What this task involves
Please return the records below exactly as they stand.

Supplied material

--------------------------------------------------

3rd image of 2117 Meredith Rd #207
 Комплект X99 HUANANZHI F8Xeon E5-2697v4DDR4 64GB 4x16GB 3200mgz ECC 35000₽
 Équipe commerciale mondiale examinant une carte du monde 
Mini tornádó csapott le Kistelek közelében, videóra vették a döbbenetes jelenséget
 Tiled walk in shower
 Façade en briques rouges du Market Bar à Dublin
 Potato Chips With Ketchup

--------------------------------------------------

Answer to this task
3rd image of 2117 Meredith Rd #207
 Комплект X99 HUANANZHI F8Xeon E5-2697v4DDR4 64GB 4x16GB 3200mgz ECC 35000₽
 Équipe commerciale mondiale examinant une carte du monde 
Mini tornádó csapott le Kistelek közelében, videóra vették a döbbenetes jelenséget
 Tiled walk in shower
 Façade en briques rouges du Market Bar à Dublin
 Potato Chips With Ketchup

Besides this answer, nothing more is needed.